• [WHAT YOU ARE ASKED TO DO] Lines from the one containing "Well, let's take" through the final line of the records below are needed, copied exactly, with no pictures.
---------- DATA
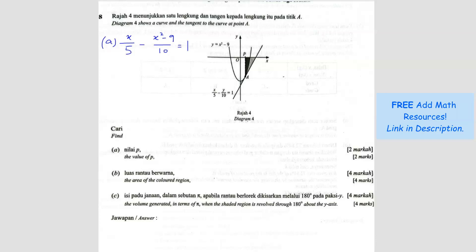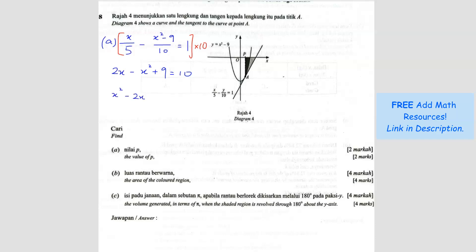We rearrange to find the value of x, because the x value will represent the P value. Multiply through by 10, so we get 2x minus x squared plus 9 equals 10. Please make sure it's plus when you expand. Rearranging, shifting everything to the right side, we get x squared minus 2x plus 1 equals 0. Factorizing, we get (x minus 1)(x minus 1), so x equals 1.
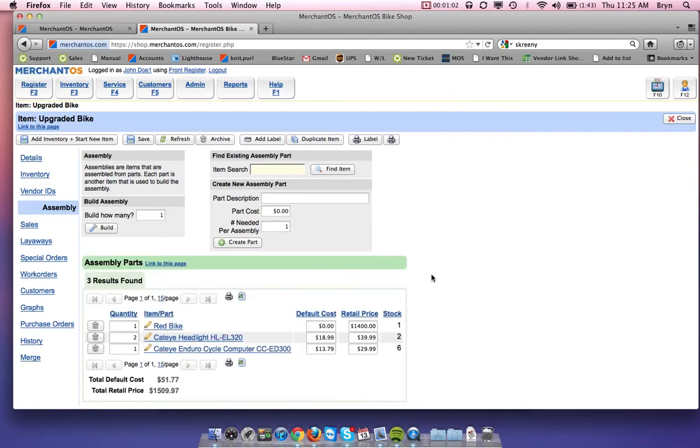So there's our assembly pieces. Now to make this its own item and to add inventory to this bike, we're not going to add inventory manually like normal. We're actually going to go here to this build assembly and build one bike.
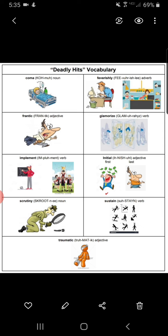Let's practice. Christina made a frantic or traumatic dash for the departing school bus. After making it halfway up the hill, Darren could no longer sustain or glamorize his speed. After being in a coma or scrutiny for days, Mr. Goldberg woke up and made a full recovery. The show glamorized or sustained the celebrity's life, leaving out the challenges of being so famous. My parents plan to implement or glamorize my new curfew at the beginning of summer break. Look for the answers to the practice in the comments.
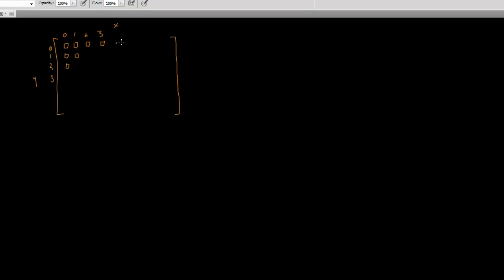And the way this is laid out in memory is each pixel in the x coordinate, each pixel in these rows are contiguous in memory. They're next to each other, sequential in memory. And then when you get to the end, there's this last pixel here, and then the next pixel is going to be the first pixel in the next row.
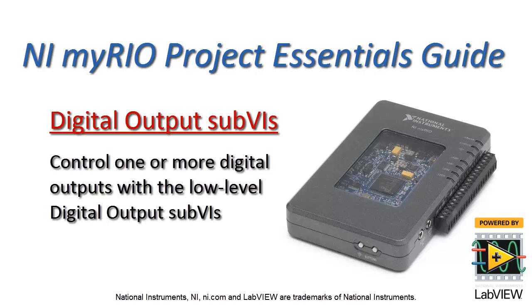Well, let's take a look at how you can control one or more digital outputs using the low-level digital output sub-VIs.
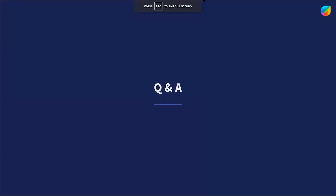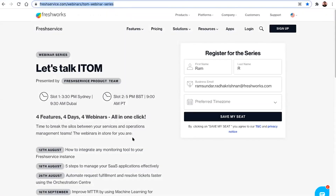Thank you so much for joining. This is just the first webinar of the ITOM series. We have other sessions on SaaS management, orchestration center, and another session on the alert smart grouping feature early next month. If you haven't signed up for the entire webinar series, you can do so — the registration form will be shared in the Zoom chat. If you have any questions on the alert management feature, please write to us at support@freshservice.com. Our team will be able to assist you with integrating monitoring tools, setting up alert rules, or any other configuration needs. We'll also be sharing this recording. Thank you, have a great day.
--------------------
• [ANSWER FOR THE TASK]
Well, let's take a look at how you can control one or more digital outputs using the low-level digital output sub-VIs.
Thank you so much for joining. This is just the first webinar of the ITOM series. We have other sessions on SaaS management, orchestration center, and another session on the alert smart grouping feature early next month. If you haven't signed up for the entire webinar series, you can do so — the registration form will be shared in the Zoom chat. If you have any questions on the alert management feature, please write to us at support@freshservice.com. Our team will be able to assist you with integrating monitoring tools, setting up alert rules, or any other configuration needs. We'll also be sharing this recording. Thank you, have a great day.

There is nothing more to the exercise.